Attention Marketers: Humans are Blind to Change
When we look at a scene, our eyes move around quickly, 70 to 100 times a second, locating anything noteworthy. This visual input is translated into a mental memory map by our brains. These quick eye movements are called saccades.
Saccadic movement is what causes Change Blindness: a perceptual phenomenon that occurs when humans fail to detect seemingly obvious changes to scenes around them.
As a result when we see we unconsciously focus on areas that our evolutionary biases deem important (often anything moving fast, anything that looks like a living thing that may be a potential friend or foe). The brain automatically fills in the rest of the details from its memory map — often disregarding details that it thinks it has seen before.

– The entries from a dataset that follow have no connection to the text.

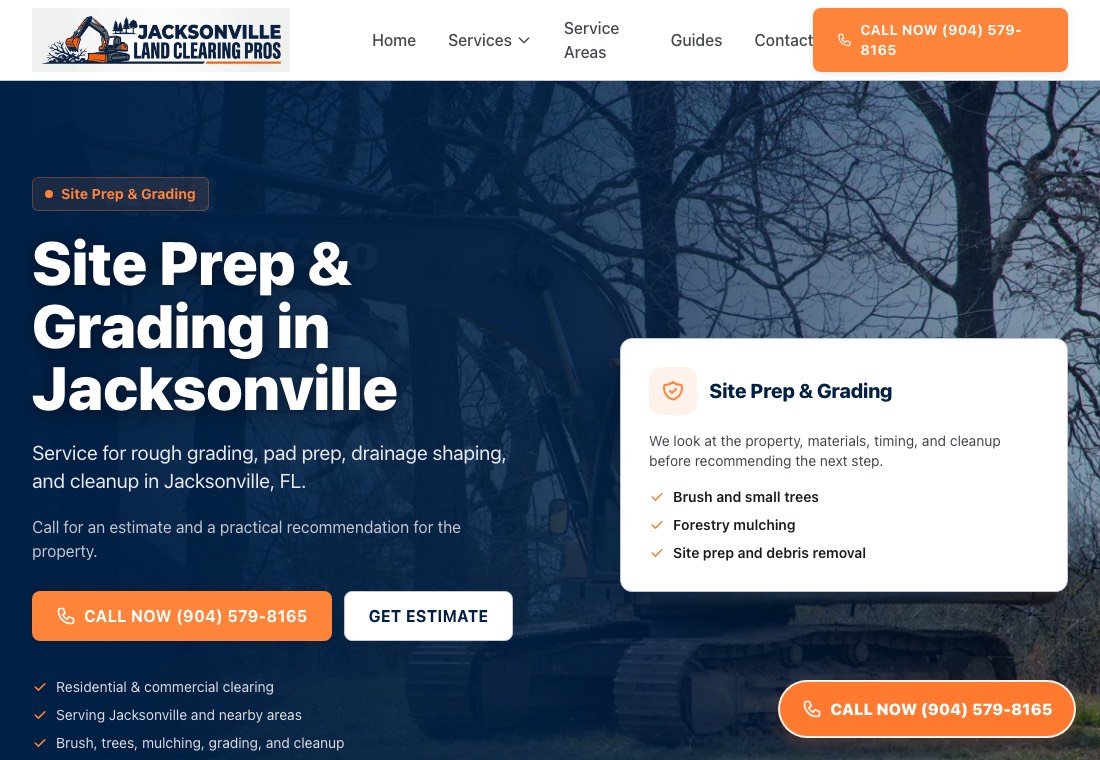 Site prep and grading screenshot for Jacksonville Land Clearing Pros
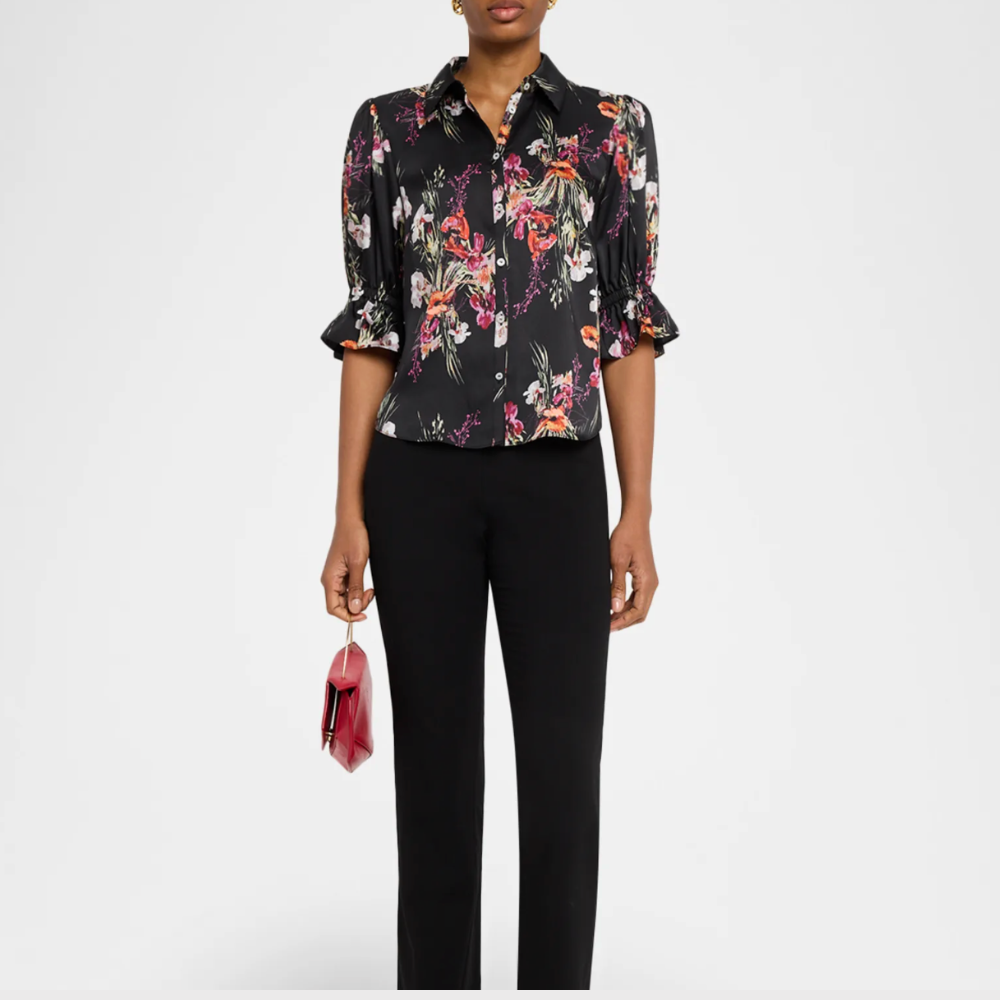 Cinq à Sept Fiona Iris Top - Black Bouquet
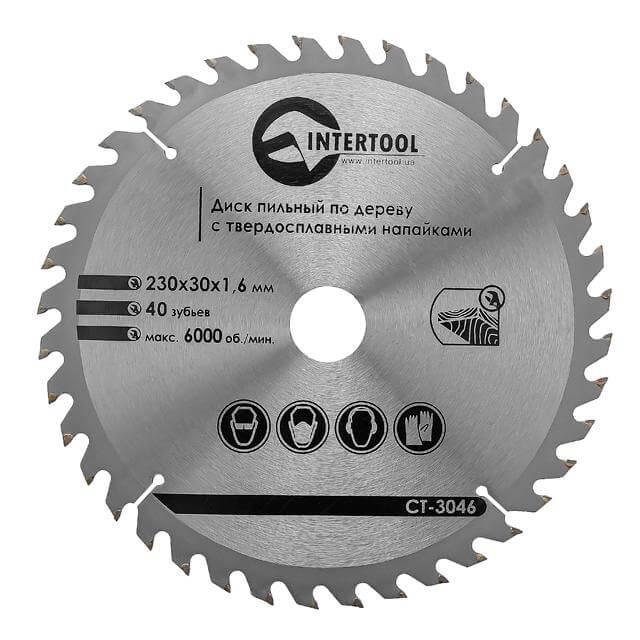 Диск пильный по древесине Intertool CT-3046 с твердосплавными напайками 230x30x1,6 мм 40 зубов 6000 об/мин (9757508) - фото 1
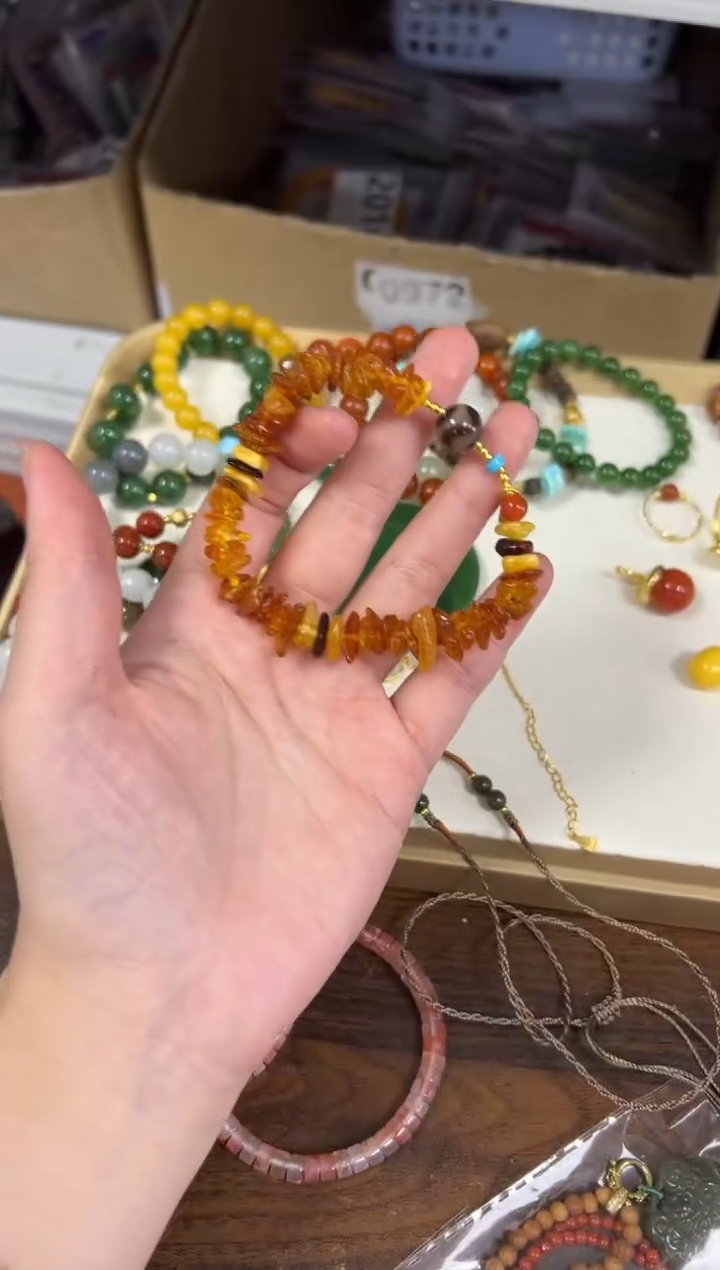 手链蜜蜡未镶嵌随行切片蜜蜡虎牙珠手链[1281]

Example of images that can be used in a change blindness task |
"The Door Study" a 1998 study by Daniel Simons and Daniel Levin is the one of the most popular study to demonstrate how change blindness occurs in the real world.
While "The Gradual Change Test" highlights how humans fail to notice slow, gradual changes in their surroundings.
A 2015 ad, used this phenomenon to position Skoda Fabia as having 'Attention Stealing Design'.
A newer research in this field has shown that addition or removal of an object from the scene is detected more readily than changes in the color of the object.
These findings have some unique implications for the field of advertising and visual designing!